I'm starting work at the library again, starting today. I came in at 10 a.m. or, well, actually more like 10:02. There was a light drizzle, and the radio spoke of New Mexico getting precipitation from Hurricane Dolly in Texas. The sky was and still is clear and white, like a gigantic projector screen with a blank slide.

I parked in Security's parking space in front of the library (ha ha), because all the other spots were taken. Come to think of it, I should check if another spot's cleared up by now so I can move my car to safety. I have been given a temporary parking permit instead of a staff sticker, because the Human Resources office decided that the positions they've incorrectly labeled "temporary" are the employment equivalent of flight risks, and god forbid they should take a job just to get a staff sticker.

So I parked and jogged inside, ready with my key to let in the summer worker, Charlotte. To my surprise, the doors were already unlocked. Jennifer had opened the library early for a meeting of the Board of Prison Guards and Dubliners. So early that the sun was just a hope. She did this so that the prancing morons (currently occupied in making the library as loud as possible, with a few high achievers reaching the decibel levels of an airplane cockpit) could be fed their special breakfasts with their special dribble bibs. Did I mention that I hate these people? I wonder if the reason they're being so loud is because they actually don't recognize the shelves and studying people as a library. Perhaps they think it's an elegant set that the college prepared for their amusement, so that they would have the little thrill of schmoozing at the top of their lungs in an authentic, Grade A Academic Setting.
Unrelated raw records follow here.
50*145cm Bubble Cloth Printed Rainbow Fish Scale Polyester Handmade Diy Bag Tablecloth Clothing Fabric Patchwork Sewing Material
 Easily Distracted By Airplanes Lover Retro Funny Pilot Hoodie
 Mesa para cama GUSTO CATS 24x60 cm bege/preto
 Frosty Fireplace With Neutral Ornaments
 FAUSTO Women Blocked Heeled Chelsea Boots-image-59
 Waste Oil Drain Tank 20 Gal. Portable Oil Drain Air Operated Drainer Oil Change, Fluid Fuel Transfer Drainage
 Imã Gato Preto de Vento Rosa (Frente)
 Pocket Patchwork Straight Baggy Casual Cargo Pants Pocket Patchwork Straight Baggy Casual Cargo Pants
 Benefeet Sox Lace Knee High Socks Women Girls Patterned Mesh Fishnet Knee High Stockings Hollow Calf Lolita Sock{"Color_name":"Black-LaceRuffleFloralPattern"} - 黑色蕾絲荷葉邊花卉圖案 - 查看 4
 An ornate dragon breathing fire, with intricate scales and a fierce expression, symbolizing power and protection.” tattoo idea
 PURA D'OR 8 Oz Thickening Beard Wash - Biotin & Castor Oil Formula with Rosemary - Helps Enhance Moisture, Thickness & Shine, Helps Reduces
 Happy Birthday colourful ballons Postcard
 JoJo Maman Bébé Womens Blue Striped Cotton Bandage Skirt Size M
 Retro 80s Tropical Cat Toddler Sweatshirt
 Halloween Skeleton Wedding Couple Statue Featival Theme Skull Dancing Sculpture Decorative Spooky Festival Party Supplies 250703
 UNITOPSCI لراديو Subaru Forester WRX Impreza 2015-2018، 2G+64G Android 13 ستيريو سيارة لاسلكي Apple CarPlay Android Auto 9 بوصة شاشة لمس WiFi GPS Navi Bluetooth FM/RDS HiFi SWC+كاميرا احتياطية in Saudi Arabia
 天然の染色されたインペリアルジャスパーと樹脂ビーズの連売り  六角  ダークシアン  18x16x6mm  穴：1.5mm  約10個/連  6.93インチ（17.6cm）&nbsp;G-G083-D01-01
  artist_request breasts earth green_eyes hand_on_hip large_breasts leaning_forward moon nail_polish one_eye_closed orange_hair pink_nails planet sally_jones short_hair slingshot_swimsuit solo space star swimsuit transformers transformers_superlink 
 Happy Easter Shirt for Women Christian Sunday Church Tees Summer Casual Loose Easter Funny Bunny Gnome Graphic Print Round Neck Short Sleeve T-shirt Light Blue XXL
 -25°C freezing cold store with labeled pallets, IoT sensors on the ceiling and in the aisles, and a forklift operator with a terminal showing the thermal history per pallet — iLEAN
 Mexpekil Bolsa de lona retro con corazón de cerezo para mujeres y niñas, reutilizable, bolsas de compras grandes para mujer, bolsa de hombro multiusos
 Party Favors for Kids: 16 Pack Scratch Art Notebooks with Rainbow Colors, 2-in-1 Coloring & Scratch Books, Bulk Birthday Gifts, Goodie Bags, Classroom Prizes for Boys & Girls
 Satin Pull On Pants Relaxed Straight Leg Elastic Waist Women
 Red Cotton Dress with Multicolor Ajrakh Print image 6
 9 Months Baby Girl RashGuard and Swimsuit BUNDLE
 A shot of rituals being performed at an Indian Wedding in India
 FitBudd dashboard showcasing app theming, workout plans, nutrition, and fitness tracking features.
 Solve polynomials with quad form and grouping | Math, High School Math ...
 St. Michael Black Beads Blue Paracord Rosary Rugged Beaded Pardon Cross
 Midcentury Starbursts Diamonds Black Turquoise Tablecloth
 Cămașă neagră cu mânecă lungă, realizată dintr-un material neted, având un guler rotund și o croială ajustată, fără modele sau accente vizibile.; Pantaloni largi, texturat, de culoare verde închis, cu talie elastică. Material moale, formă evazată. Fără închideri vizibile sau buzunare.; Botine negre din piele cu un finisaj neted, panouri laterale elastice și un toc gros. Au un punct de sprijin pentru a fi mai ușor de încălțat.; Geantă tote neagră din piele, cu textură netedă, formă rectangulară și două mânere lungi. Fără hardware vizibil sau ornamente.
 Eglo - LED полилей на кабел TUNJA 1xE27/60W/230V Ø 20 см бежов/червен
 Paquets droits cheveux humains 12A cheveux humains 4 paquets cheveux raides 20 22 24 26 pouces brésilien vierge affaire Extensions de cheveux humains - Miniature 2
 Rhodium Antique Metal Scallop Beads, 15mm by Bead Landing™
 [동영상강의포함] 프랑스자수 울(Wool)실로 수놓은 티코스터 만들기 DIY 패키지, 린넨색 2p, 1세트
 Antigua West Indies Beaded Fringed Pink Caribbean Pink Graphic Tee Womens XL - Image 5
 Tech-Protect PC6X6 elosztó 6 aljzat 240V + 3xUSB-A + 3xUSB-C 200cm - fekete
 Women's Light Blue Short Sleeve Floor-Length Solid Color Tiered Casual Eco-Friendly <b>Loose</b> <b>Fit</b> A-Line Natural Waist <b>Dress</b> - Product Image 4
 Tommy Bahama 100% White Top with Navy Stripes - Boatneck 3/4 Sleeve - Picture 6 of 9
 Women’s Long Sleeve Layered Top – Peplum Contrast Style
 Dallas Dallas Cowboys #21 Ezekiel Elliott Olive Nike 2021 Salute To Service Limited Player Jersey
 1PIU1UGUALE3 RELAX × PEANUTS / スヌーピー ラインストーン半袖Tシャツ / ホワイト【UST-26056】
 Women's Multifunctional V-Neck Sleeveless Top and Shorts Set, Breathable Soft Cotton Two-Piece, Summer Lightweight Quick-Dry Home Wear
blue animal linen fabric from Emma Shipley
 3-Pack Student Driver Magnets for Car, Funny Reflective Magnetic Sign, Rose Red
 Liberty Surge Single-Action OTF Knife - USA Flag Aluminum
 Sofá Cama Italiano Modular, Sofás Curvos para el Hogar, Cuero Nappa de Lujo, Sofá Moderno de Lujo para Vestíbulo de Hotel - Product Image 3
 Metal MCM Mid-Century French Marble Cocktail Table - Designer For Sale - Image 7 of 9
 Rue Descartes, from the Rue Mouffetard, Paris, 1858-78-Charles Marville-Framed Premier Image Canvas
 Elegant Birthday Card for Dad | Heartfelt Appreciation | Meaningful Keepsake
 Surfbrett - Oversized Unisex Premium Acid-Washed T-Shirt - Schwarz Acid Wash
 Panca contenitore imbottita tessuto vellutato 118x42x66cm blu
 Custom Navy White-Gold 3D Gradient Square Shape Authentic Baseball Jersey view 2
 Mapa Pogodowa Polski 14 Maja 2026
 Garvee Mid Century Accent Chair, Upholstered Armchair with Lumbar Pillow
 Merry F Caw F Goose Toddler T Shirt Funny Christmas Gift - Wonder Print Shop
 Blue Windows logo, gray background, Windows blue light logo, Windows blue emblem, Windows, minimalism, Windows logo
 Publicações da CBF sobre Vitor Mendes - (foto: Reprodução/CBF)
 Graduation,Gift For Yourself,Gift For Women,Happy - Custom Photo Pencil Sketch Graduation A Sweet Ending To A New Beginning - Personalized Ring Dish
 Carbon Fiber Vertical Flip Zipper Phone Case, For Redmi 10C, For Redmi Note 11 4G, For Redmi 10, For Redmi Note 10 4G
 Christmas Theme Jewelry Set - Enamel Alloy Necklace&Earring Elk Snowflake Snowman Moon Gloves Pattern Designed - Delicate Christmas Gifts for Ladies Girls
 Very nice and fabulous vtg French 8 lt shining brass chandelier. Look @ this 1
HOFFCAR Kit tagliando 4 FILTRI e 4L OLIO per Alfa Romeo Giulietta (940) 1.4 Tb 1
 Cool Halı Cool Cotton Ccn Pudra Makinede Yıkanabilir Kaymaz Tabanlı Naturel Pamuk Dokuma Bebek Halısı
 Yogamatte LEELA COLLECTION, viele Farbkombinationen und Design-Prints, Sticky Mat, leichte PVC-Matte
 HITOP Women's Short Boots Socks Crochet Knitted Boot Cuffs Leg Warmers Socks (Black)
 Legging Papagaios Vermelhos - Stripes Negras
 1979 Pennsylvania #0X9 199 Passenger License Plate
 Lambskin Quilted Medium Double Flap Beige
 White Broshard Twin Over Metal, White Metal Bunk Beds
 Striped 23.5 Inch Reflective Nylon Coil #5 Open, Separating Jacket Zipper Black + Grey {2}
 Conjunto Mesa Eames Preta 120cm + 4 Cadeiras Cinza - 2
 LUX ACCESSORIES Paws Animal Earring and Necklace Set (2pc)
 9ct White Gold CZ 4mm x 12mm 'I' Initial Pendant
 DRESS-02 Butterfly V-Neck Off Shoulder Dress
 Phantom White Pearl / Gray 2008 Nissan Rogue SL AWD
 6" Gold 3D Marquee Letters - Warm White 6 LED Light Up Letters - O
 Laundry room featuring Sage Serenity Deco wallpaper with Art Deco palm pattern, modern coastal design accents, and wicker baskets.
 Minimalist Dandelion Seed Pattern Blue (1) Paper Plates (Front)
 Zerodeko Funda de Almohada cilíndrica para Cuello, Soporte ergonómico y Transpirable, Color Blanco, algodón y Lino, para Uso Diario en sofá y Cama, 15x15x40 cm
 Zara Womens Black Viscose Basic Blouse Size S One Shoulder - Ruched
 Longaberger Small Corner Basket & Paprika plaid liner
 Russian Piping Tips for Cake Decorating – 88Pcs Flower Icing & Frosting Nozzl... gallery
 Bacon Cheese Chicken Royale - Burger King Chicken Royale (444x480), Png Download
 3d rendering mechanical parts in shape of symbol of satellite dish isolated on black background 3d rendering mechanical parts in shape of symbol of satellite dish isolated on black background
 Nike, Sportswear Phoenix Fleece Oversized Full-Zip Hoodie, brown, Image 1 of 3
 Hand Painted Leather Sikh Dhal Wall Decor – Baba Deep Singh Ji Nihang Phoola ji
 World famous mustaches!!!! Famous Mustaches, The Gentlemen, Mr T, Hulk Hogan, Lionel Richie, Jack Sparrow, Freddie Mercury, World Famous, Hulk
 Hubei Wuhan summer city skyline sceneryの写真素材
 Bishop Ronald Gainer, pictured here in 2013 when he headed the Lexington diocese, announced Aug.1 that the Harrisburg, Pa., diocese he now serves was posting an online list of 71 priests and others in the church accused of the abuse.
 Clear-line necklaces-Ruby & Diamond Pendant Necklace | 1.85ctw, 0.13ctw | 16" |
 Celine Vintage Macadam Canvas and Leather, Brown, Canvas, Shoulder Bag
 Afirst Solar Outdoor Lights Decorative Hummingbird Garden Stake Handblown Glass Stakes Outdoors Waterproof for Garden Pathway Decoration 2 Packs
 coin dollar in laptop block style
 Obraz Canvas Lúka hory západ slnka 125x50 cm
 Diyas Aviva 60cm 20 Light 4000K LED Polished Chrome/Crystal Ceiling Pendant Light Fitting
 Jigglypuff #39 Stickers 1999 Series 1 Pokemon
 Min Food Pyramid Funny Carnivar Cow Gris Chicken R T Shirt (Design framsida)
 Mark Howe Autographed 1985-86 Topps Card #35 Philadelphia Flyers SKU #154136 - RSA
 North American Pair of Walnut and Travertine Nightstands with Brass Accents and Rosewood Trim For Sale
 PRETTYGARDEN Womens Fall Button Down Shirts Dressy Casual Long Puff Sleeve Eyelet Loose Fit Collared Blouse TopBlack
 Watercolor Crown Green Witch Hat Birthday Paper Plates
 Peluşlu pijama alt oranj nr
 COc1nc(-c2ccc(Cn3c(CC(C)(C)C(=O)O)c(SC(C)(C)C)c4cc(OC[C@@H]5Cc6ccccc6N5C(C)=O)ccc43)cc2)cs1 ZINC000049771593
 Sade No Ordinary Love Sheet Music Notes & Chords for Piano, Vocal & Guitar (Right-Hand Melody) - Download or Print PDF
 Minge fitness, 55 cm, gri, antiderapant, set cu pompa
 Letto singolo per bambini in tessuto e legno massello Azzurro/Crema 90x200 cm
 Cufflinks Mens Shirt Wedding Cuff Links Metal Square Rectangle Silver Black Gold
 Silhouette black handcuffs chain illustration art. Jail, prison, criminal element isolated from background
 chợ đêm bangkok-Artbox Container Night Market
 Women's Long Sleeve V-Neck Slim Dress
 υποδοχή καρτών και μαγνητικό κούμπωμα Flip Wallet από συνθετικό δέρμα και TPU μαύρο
Anyway, Jennifer was waiting behind the desk, all the lights were on, the computers were active, and all the library was already humming. She introduced me to a project I could do to start out, and then she went home to take a nap.

I logged on to my library desktop for the first time in a year, and opened my email just to see if I had any messages from Laura. I found that IT had simply never closed my email account. I had messages dating back to last October, when I left Switchboard. The system had even saved three messages that I'd never deleted from 2007.

So I scrolled down to the bottom, the earliest emails in the box, which was a little like an archaeological dig. I uncovered all the meaningless little notes that the St. John's offices had sent to each other to let themselves know that time was passing (reminders about birthdays, tips for winter car maintenance, a message about ergonomic work stations). I picked away at the dirt covering each weekly emailed Ephemera, the college newsletter. I marveled at Mr. Pesic's ancient purple prose describing his concerts and lectures of days gone by. As I went through, deleting a page's worth of messages each time after making sure there wasn't anything important in them, I found one of the big things I'd been missing since I left here: tradition. In those trivial emails I rediscovered the jovial, lumbering form of St. John's traditions. I remembered how charming it was to be forever exchanging one season for another, one week for another, one day for another, and to pass from newly arrived freshmen to cider in the coffee shop, from lit fireplaces over winter break to the self-aware somberness of senior writing period, from students lounging outside as the days started getting longer again to the riotous stupidity of the party season; and through it all, at least in my own mind, to be fixed on the unchanging project I thought I took up when I first signed the roster, the project of self-improvement through study of great works. Perhaps I never really had that as a goal in the first place, but if it was a delusion, at least it was a cheery delusion. Just being here, I feel better than I have in a long time in the grey world of office work, where I had nothing to look forward to, no stimulus, no people all around me having new ideas, no challenge, and no people sharing my cheery delusion.

Now here I am again, the roar of the fiends in business suits has finally subsided, and in front of me is a list of subject headings that the Library of Congress has declared canceled, with an accompanying list of their replacements. I have a lot of fine nonsense to get to in the endless renewal of the library's minutiae. It's time to get to work.

1 comment:

anne said...

that nickname is an insult to both prison guards and dubliners. and at least you didn't have to mingle with them. eeeesh.

then again, i don't have to do that either, anymore. ha!

i wish we had cider out here. we don't, though as compensation, we get to have pinon in the fireplaces.